Why Google believes machine learning is its future | Tech - Ars Technica

Timothy B. Lee, Senior tech policy reporter says, Why we heard so much about machine learning at Google I/O this year.

Google CEO Sundar Pichai speaks during the Google I/O Developers Conference on May 7, 2019.
One of the most interesting demos at this week's Google I/O keynote featured a new version of Google's voice assistant that's due out later this year. A Google employee asked the Google Assistant to bring up her photos and then show her photos with animals. She tapped one and said, "Send it to Justin." The photo was dropped into the messaging app.

From there, things got more impressive.

"Hey Google, send an email to Jessica," she said. "Hi Jessica, I just got back from Yellowstone and completely fell in love with it." The phone transcribed her words, putting "Hi Jessica" on its own line.

"Set subject to Yellowstone adventures," she said. The assistant understood that it should put "Yellowstone adventures" into the subject line, not the body of the message.

Then without any explicit command, the woman went back to dictating the body of the message. Finally she said "send it," and Google's assistant did...

Google sees machine learning as its future 
Google's mission is to organize the world's information and make it accessible and useful. Google has made a lot of progress on the first half of that mission statement—it may have access to more data than any other company on the planet. But making the information more useful will require software that understands the information in a more sophisticated way—which is exactly what machine learning technology could do.

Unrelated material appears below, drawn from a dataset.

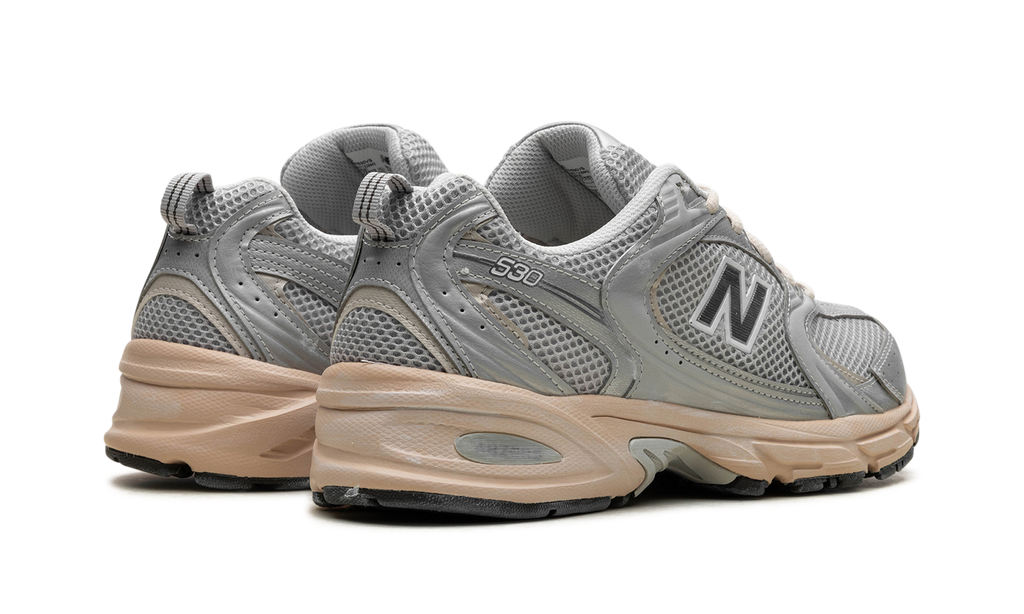 New Balance 530 "Vintage Silver Moonbeam"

At I/O this week, Google sent a clear signal that Google's machine learning push is only getting started. The company is pouring resources into developing new chips, algorithms, and platforms because it believes these technologies have a lot of room to improve its existing products—or allow the creation of entirely new ones. And Google believes it has a unique combination of talent and resources to fully exploit those opportunities.